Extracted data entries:
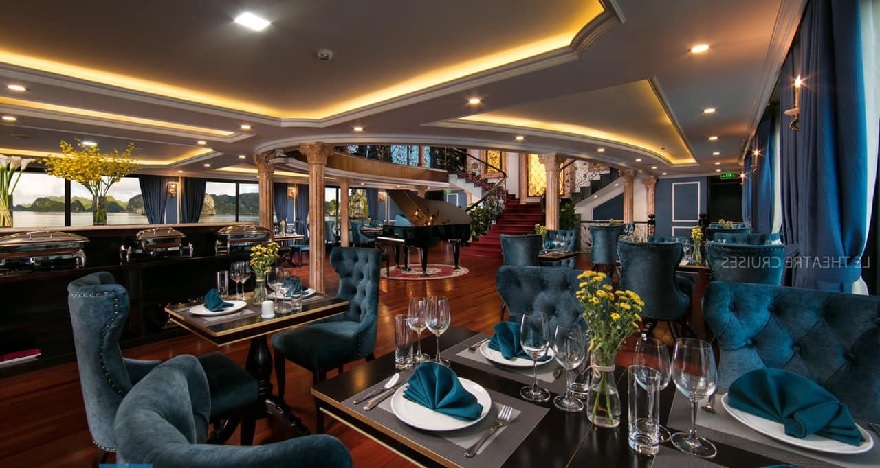 Nhà hàng Le Opera trên du thuyền Le Theater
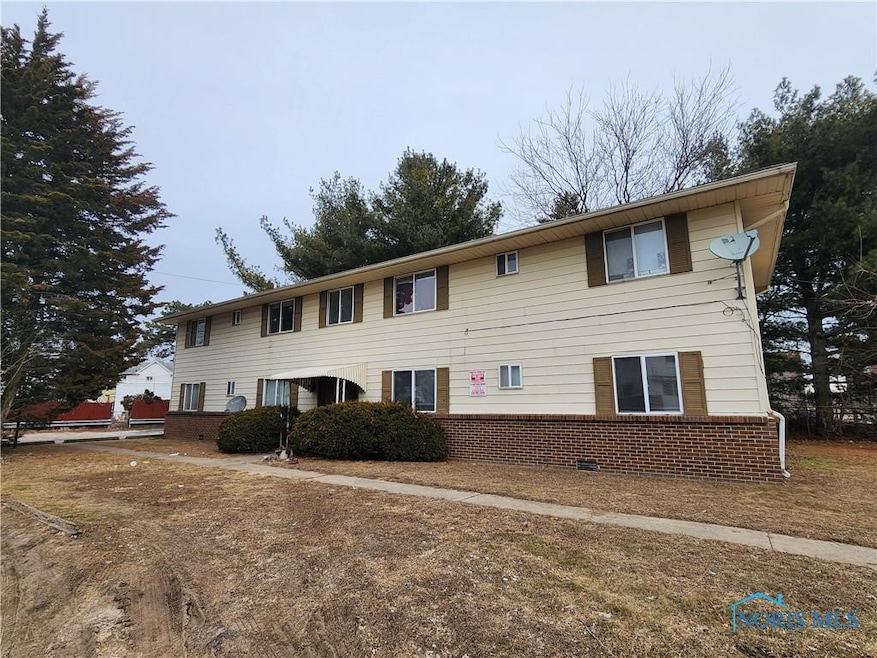 818 Spencer St, Toledo, OH 43609 - photo 1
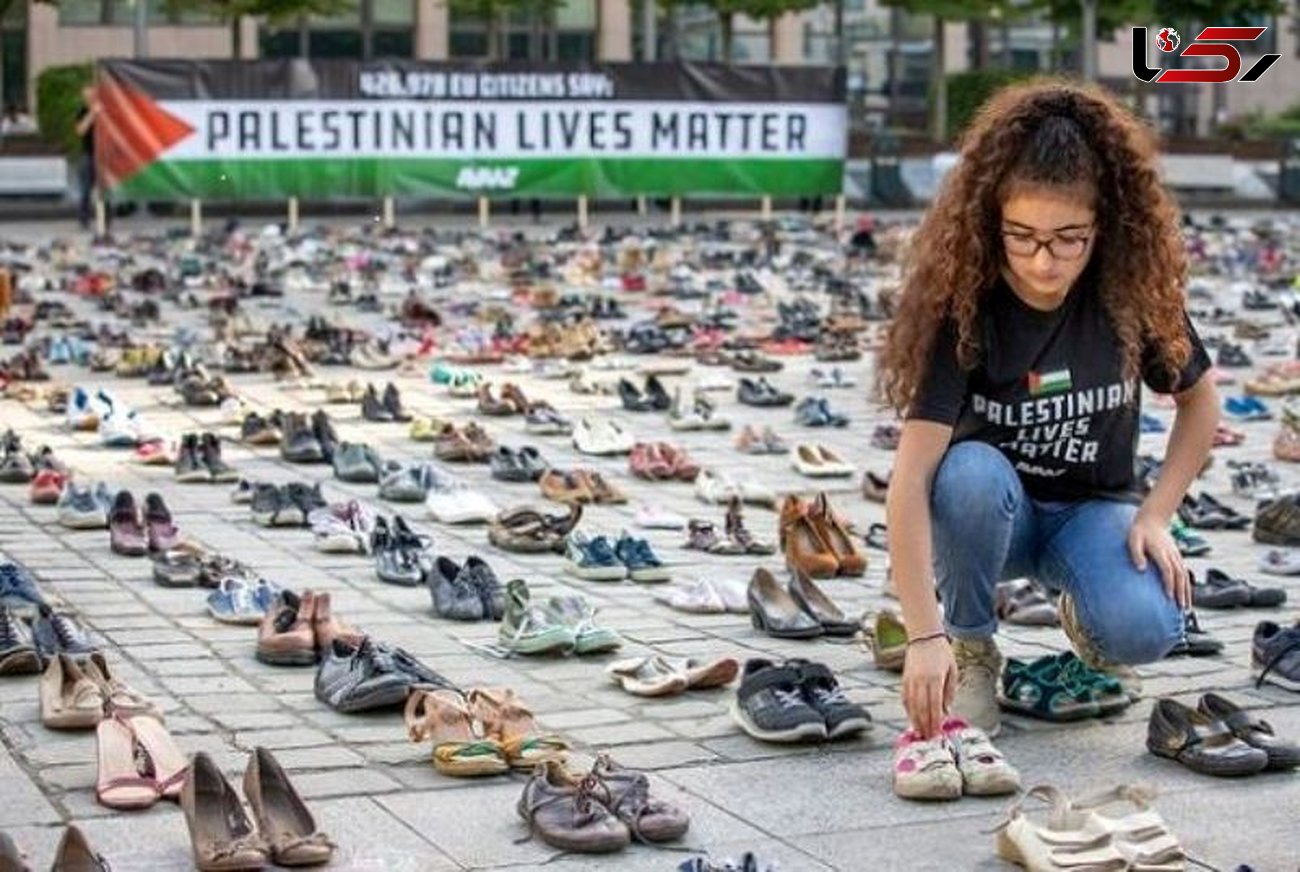 عجیب ترین حمایت از فلسطین /هزاران جفت کفش مقابل مقر اتحادیه اروپا چیده شد +عکس
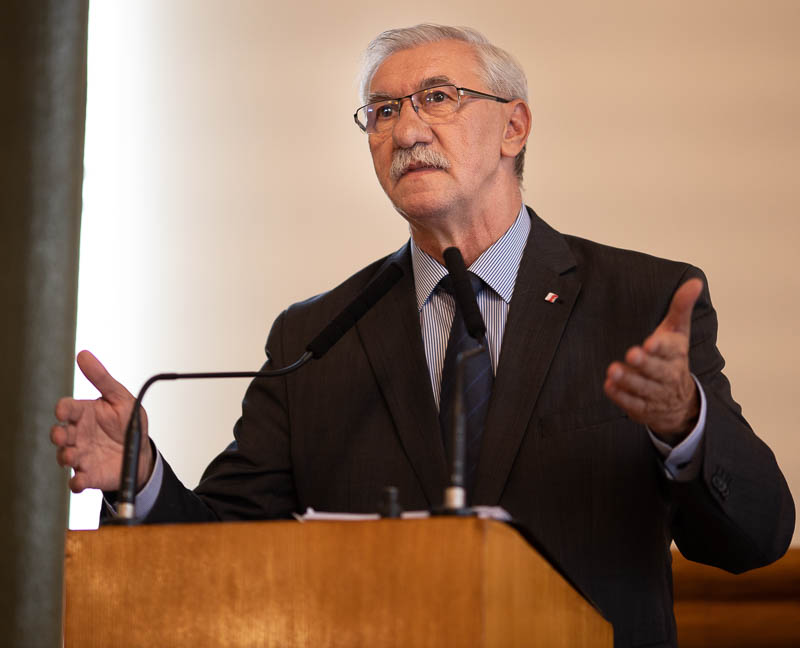 Edward E. Nowak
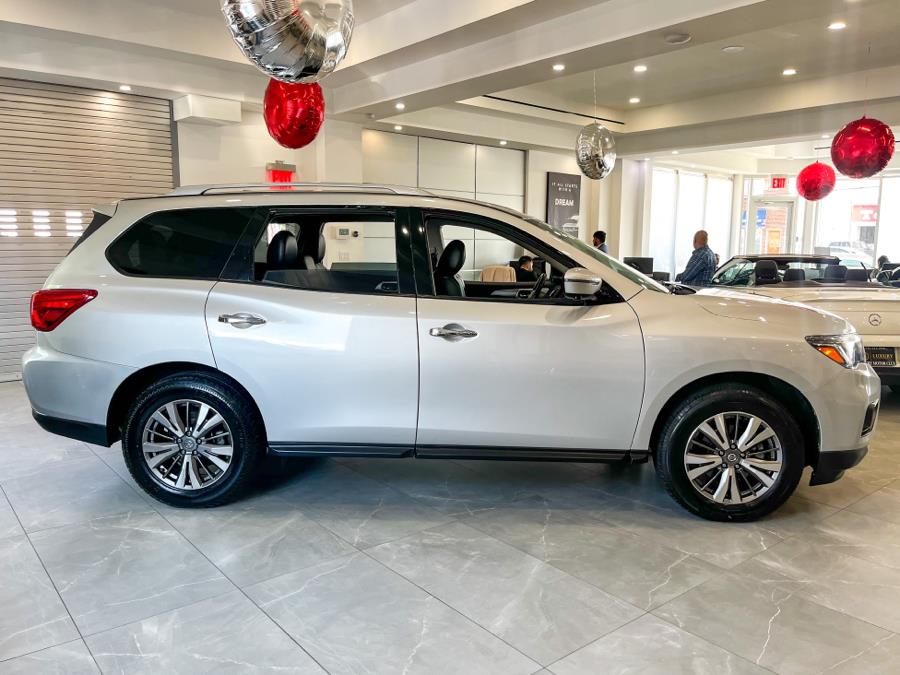 2020 Nissan Pathfinder 4x4 SL, available for sale in Franklin Square, New York | Luxury Motor Club. Franklin Square, New York 2020 Nissan Pathfinder 4x4 SL, available for sale in Franklin Square, New York | Luxury Motor Club. Franklin Square, New York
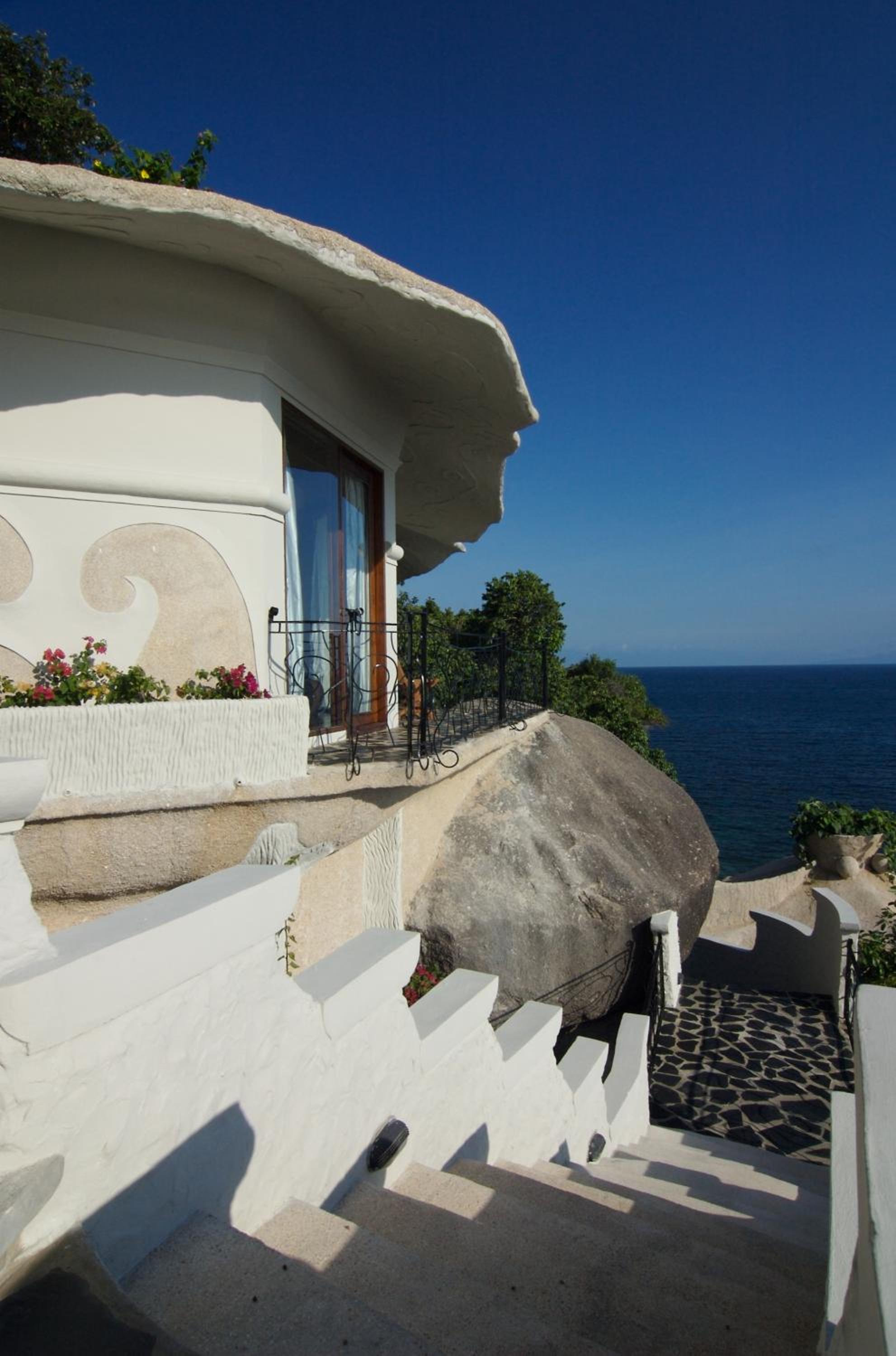 Deluxe Suite Pavilion with Sea View photo 2
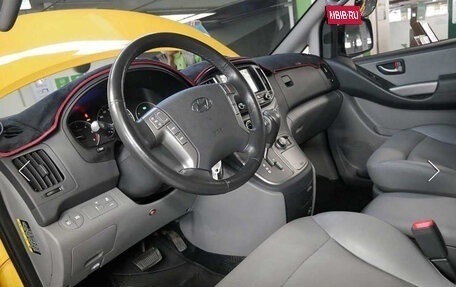 Hyundai Grand Starex Grand Starex I рестайлинг 2, 2017 год, 3 890 000 рублей, 25 фотография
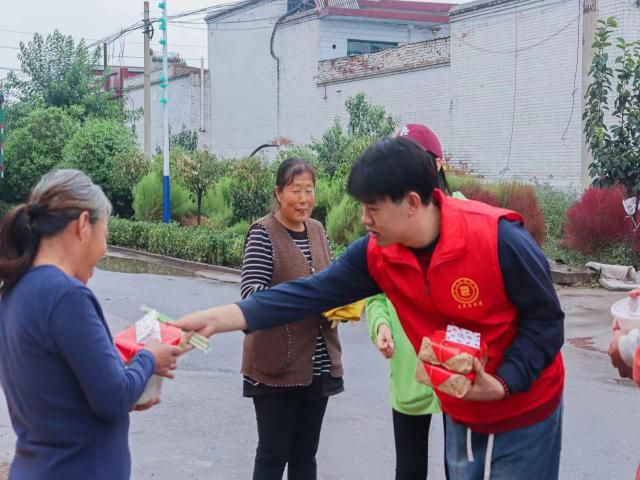 【志愿服务】情浓溢中秋 煮饺话团圆——艺术传媒学院“太平庄公益慰问”专项志愿者服务队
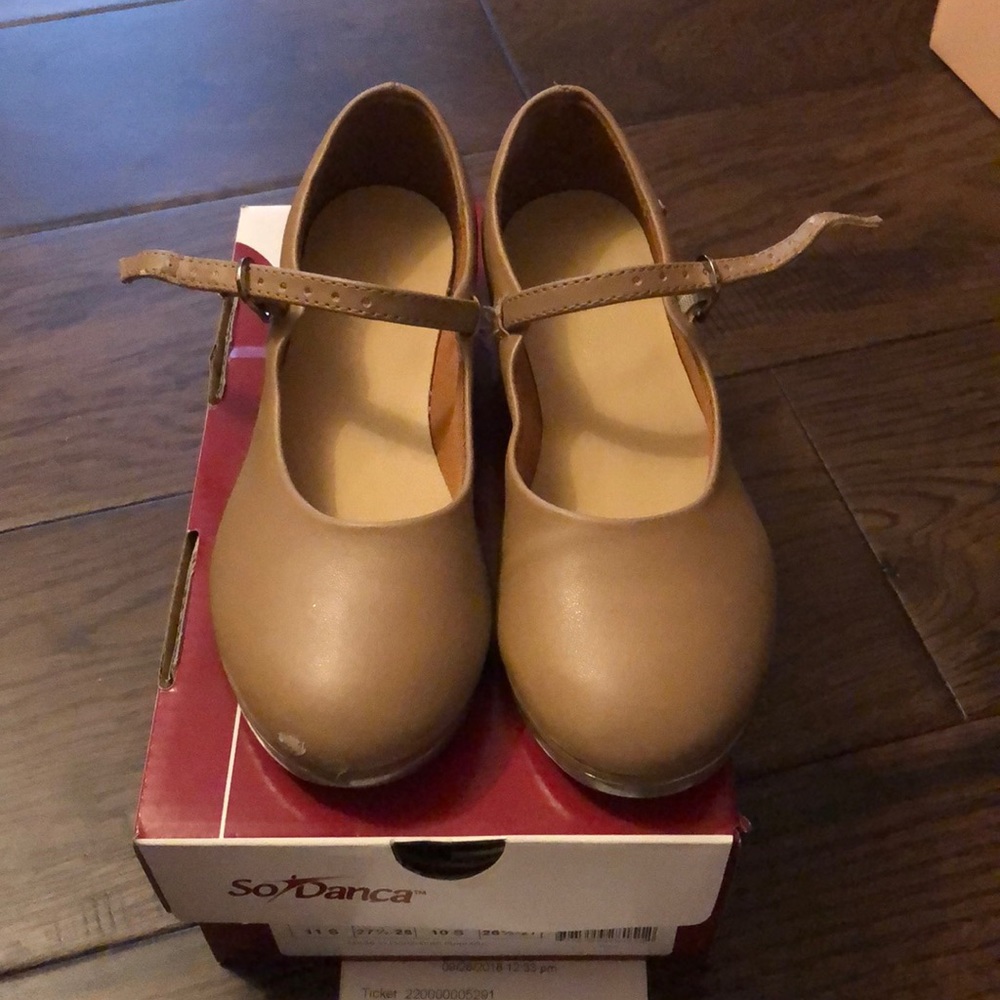 So Danca tap shoes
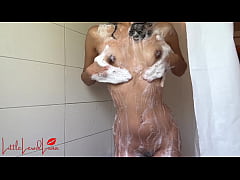 Play MP4 - Asian girl takes a sexy shower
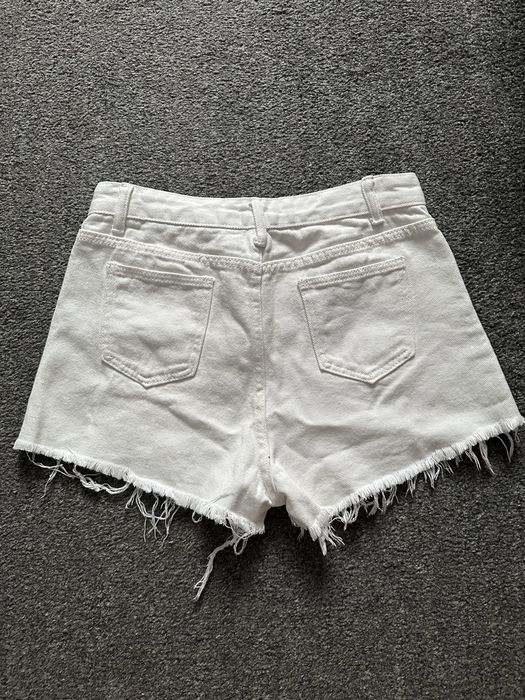 Продаю білі джинсові шорти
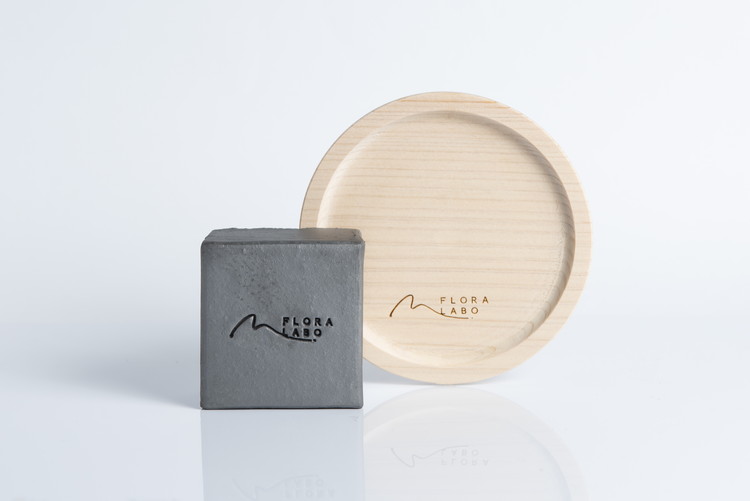 オイル・菊間瓦セット＜アロマ エッセンシャルオイル  芳香剤 デスクワーク テレワーク 在宅勤務 リモートワーク インテリア リラックス 癒し 柚子 ユズ ゆず 伝統工芸 愛媛県 鬼北町＞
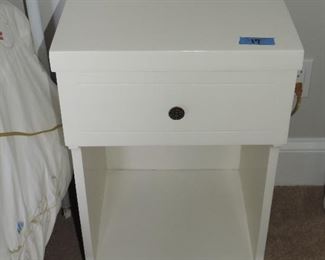 PAINTED WHITE SIDE TABLE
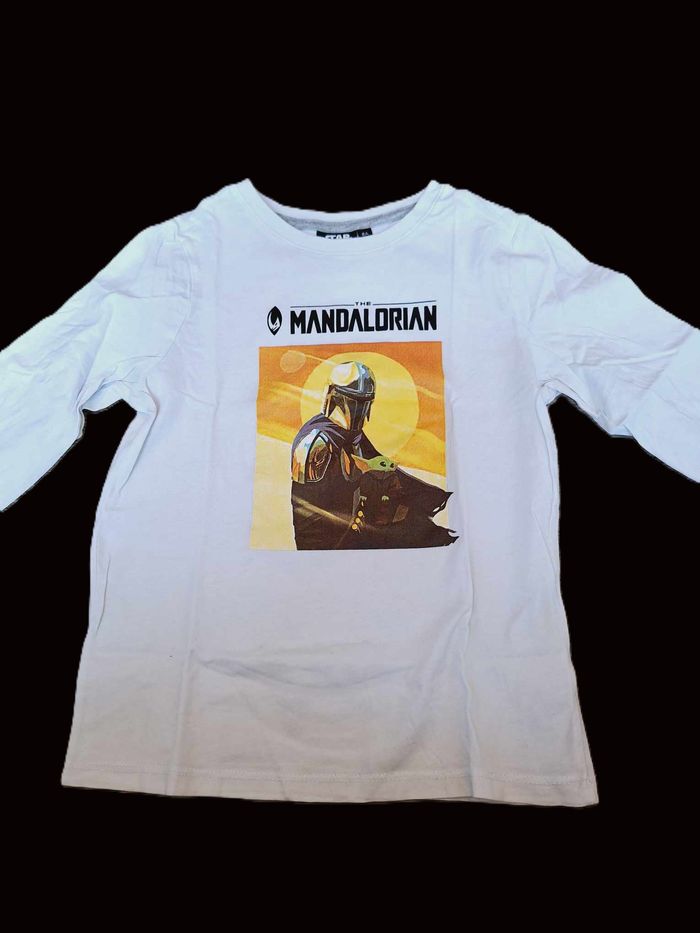 T-shirt manches longues The Mandalorian Star Wars 8 ans
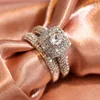 Trouwringen Luxe vrouwelijk wit vierkante kristallen ring beloven zilveren kleurbetrokkenheid voor vrouwen vintage bruids zirkonen set256o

◆ **YOUR ASSIGNMENT**
Could you repeat, exactly and with nothing else, the lines from the one containing "Deluxe Suite Pavilion with Sea View photo 2" through the last line of the records above, leaving out the pictures?

◆ **COMPLETED EXERCISE**
 Deluxe Suite Pavilion with Sea View photo 2
 Hyundai Grand Starex Grand Starex I рестайлинг 2, 2017 год, 3 890 000 рублей, 25 фотография
 【志愿服务】情浓溢中秋 煮饺话团圆——艺术传媒学院“太平庄公益慰问”专项志愿者服务队
 So Danca tap shoes
 Play MP4 - Asian girl takes a sexy shower
 Продаю білі джинсові шорти
 オイル・菊間瓦セット＜アロマ エッセンシャルオイル  芳香剤 デスクワーク テレワーク 在宅勤務 リモートワーク インテリア リラックス 癒し 柚子 ユズ ゆず 伝統工芸 愛媛県 鬼北町＞
 PAINTED WHITE SIDE TABLE
 T-shirt manches longues The Mandalorian Star Wars 8 ans
 Trouwringen Luxe vrouwelijk wit vierkante kristallen ring beloven zilveren kleurbetrokkenheid voor vrouwen vintage bruids zirkonen set256o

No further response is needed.